I tend to use a bit while I am drying, and after I am done, to help with the brushing and combing out process. I use Bark 2 Basics Demat with AntiStat, and it works wonderfully on all the dogs I groom. There are many, many great products out there, though...so it is up to you which one you want to try out and stick with  I like the B2B because it doesn't smell overly perfumey, and doesn't make ME react!Lol!


----------



## Graco22 (Jul 16, 2007)

bfoster said:


> The brush I am using on their jacket is a chris christensen brush-It is an ionic brush-it has soft copper bristles on the inside and black I don't know what kind of bristles- boar maybe on the outside. It is very soft and seems to be very gentle. One their legs, fringe and beards I do sometimes use a pin brush then a greyhound comb. I am careful but if a spray would help prevent breakage I am all for that. Do you use the spray after bathing, when they are wet as well? I bathe just legs and face ( and rear end) weekly-the jacket only about once a month.
> Right now I just use Ice on Ice and I blow dry using first my fingers and then a slicker brush (legs and fringe) Does that sound right?
> I roll their coats so I keep their jackets kind of a medium length.
> Thanks for your help..I am trying to do a good job......but I am still learning



I have that same brush, so I know what you are talking about. You really don't need to use spray on the jackets with that brush, or at all, cause its not long enough really. I would use it on the beards and leg furnishings though, whether using a pin brush, slicker or comb.
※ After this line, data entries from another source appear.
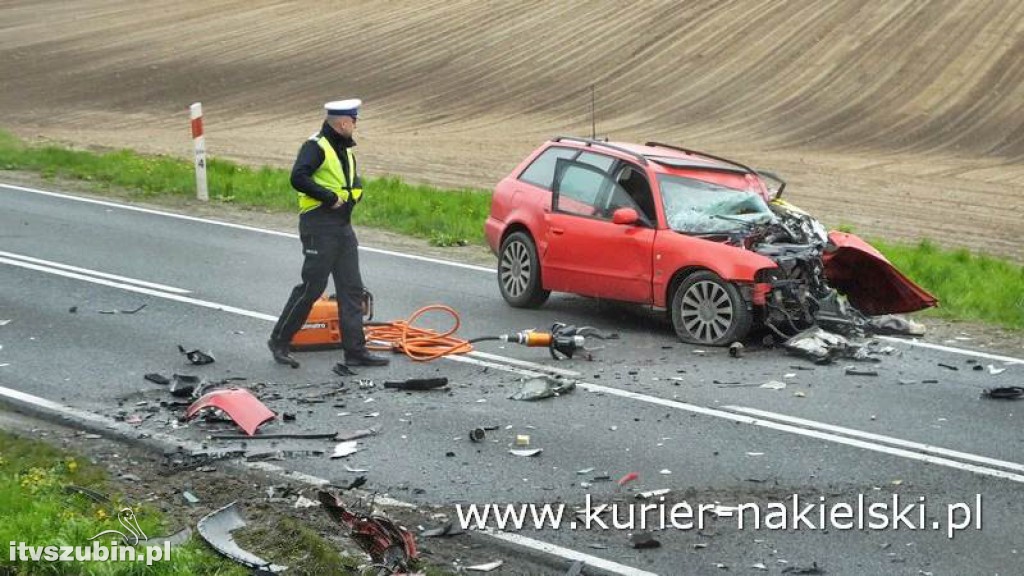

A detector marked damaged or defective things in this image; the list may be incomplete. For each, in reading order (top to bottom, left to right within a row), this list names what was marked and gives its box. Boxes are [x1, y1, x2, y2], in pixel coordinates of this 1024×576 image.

shattered windshield [655, 172, 774, 233]
red wrecked car [481, 138, 937, 344]
broken plastic panel [182, 385, 274, 434]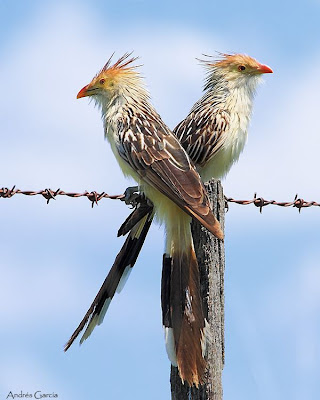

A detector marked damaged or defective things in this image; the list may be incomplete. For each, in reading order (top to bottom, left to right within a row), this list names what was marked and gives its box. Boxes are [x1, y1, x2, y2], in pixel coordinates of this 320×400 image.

rusty barbed wire [0, 187, 318, 212]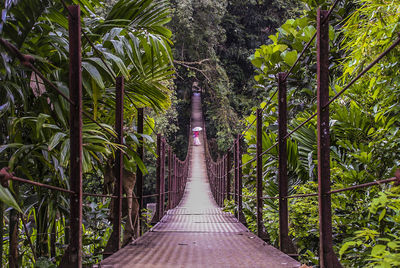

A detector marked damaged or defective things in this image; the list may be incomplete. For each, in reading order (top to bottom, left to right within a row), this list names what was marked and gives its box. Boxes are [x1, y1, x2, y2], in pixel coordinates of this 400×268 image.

rusty metal post [60, 4, 82, 266]
rusty metal post [276, 72, 296, 254]
rusty metal post [318, 8, 340, 268]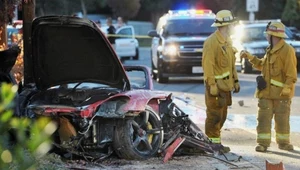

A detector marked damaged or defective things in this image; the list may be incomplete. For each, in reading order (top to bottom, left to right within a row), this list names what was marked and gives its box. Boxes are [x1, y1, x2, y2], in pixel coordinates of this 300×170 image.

crumpled hood [29, 15, 130, 90]
damaged vehicle frame [18, 15, 220, 161]
wrecked red car [18, 16, 220, 162]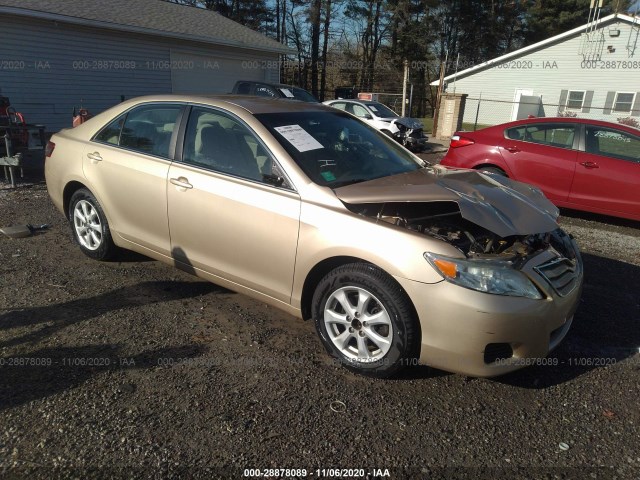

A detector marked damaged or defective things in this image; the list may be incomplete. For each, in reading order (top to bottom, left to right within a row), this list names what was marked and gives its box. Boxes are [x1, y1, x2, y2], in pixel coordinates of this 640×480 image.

damaged hood [336, 167, 560, 238]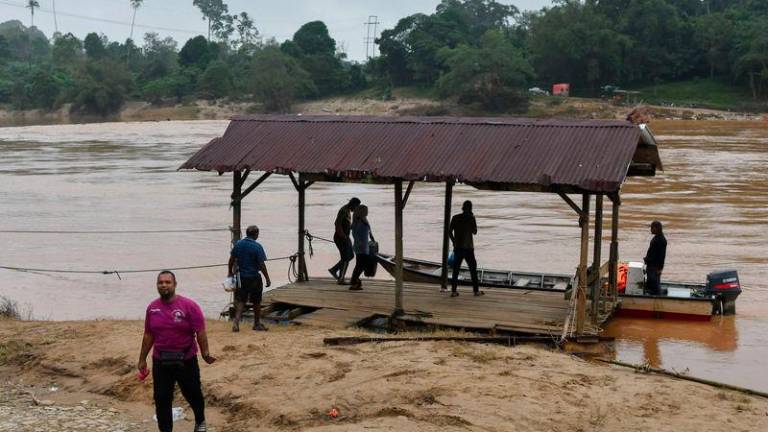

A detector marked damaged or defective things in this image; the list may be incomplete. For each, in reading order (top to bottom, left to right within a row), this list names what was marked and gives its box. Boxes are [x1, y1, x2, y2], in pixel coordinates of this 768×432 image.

I like Ice on Ice ok, but I don't use anything on my harsh coats before drying, as I do think it affects the texture. Schnauzers don't really have harsh leg hair though, so I think using it on beards and legs is fine, but I wouldn't use it on the jackets. When drying the leg and beard coat, you really should use a pin brush to minimize breakage..slickers are hard on coat, and if you can keep from using one at all, you really should. But then again, you don't want really long furnishings on a schnauzer, (not like 12 inches of poodle coat) so any damage you do with a slicker will likely be trimmed off...Sorry, I guess I contradicted myself there huh..Ideally, for growing coat..No no to a slicker at all..but if you are careful, and use a brushing spray, you can still grow coat/keep long coat using a slicker...very, very carefully. And you can use Ice On Ice as a brushing spray...I am not sure if it has silicone in it or not..but you can call the company and ask.


----------



## Westhighlander (Sep 28, 2007)

Graco22 said:


> If your dogs are handstripped, you can use sprays specifically made for keeping the coat hard, and won't soften it. Crown Royal makes a spray for hard textured coats. Those harsh coats often have more breakage problems because they are so coarse..the hairs just snap.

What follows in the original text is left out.